For those who have no idea what the story is about, Meg Murry's father tessered off planet Earth four years ago. Then three ladies appear (Mrs. Whatsit, Who, and Which), charging Meg, along with her brother and a friend from school, the task of leaving Earth themselves to find the Murry's long lost father. Eventually, their travels lead them to the planet of evil itself, Camazotz, where they are tested beyond all they ever imagined.
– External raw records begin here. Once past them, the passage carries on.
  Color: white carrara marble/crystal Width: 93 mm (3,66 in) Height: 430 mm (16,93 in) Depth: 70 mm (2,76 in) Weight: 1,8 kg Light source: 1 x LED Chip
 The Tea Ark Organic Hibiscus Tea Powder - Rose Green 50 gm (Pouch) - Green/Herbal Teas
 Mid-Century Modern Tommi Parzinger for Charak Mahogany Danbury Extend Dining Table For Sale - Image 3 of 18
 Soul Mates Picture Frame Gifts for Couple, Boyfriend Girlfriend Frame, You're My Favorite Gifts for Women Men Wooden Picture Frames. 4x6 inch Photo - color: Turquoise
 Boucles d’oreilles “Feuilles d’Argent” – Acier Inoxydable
In a society filled with the wrong ideas about self-worth, it is nice that this film does some things right. Meg starts out in the film as a girl constantly wishing to be other than she is. She is someone who feels ugly, misplaced, and completely alone. As far as she is concerned, she has too many faults and hardly any strengths at all.
As she travels outside the world, she slowly comes to realize that she was made with purpose. As Mrs. Which so eloquently says, "Do you realize how many events, choices, that had to occur since the birth of our universe, leading up to the making of you? Just exactly the way you are."
When Meg has a chance to be all she wanted originally, she turns it down, knowing her vision could never be as good as the person she was created to be.
The film also touches on family priorities. Meg's father apologizes to her by saying, "I wanted to shake hands with the universe, but I should have been holding yours."
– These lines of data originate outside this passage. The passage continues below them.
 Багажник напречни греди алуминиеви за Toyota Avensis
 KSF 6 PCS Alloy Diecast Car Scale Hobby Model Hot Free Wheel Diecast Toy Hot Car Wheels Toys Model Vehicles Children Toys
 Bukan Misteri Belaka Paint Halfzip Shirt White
Despite those beautiful things in the film, what starts as a theme about self-worth quickly turns into one about self worship. At one point Meg tries to demand her brother's love by saying that he should love her because she deserves to be loved. Not only that, but when the terrible evil of the story is destroyed, Meg is made out to be the sole hero, with no thought at all to her brother's love for her as well as her love for him. Love defeated the evil. Nothing else worked, yet Mrs. Whatsit even goes so far as to compliment Meg's faults themselves by saying, "Such beautiful faults."
Other problems abound in the film. The ladies are nothing like the wise beings of light in the book; they focus on the beauty of the 'inner star' instead of true light, the light of goodness unstained by evil. There is a moment where Mrs. Whatsit twirls out of all her clothes before transforming. (The camera only shows her bare shoulders, but the idea comes across.) The actual evil of Camazotz is altered to make it seem only peculiar, but not evil, at least not until the "all powerful" It appears on screen.

Some people could complain that the action/danger scenes added to the story (e.g. Meg's friend, Calvin, falling hundreds of feet while they try to catch him) only serve to waste time and weaken the story, but that is not a large issue at all, just a personal preference.

Storm Reid did a superb job acting her part, and a few of the other actors were very good as well. That said, there have been modern films based off really good books, and despite annoying changes to characters, added amounts of action/violence, etc.etc. etc. the films have kept deep themes that make them worthwhile overall. (Examples of those are The Eagle off the book The Eagle of the Ninth, The Lord of the Rings Trilogy, and The Hobbit trilogy.) Sadly, A Wrinkle in Time is not one of those.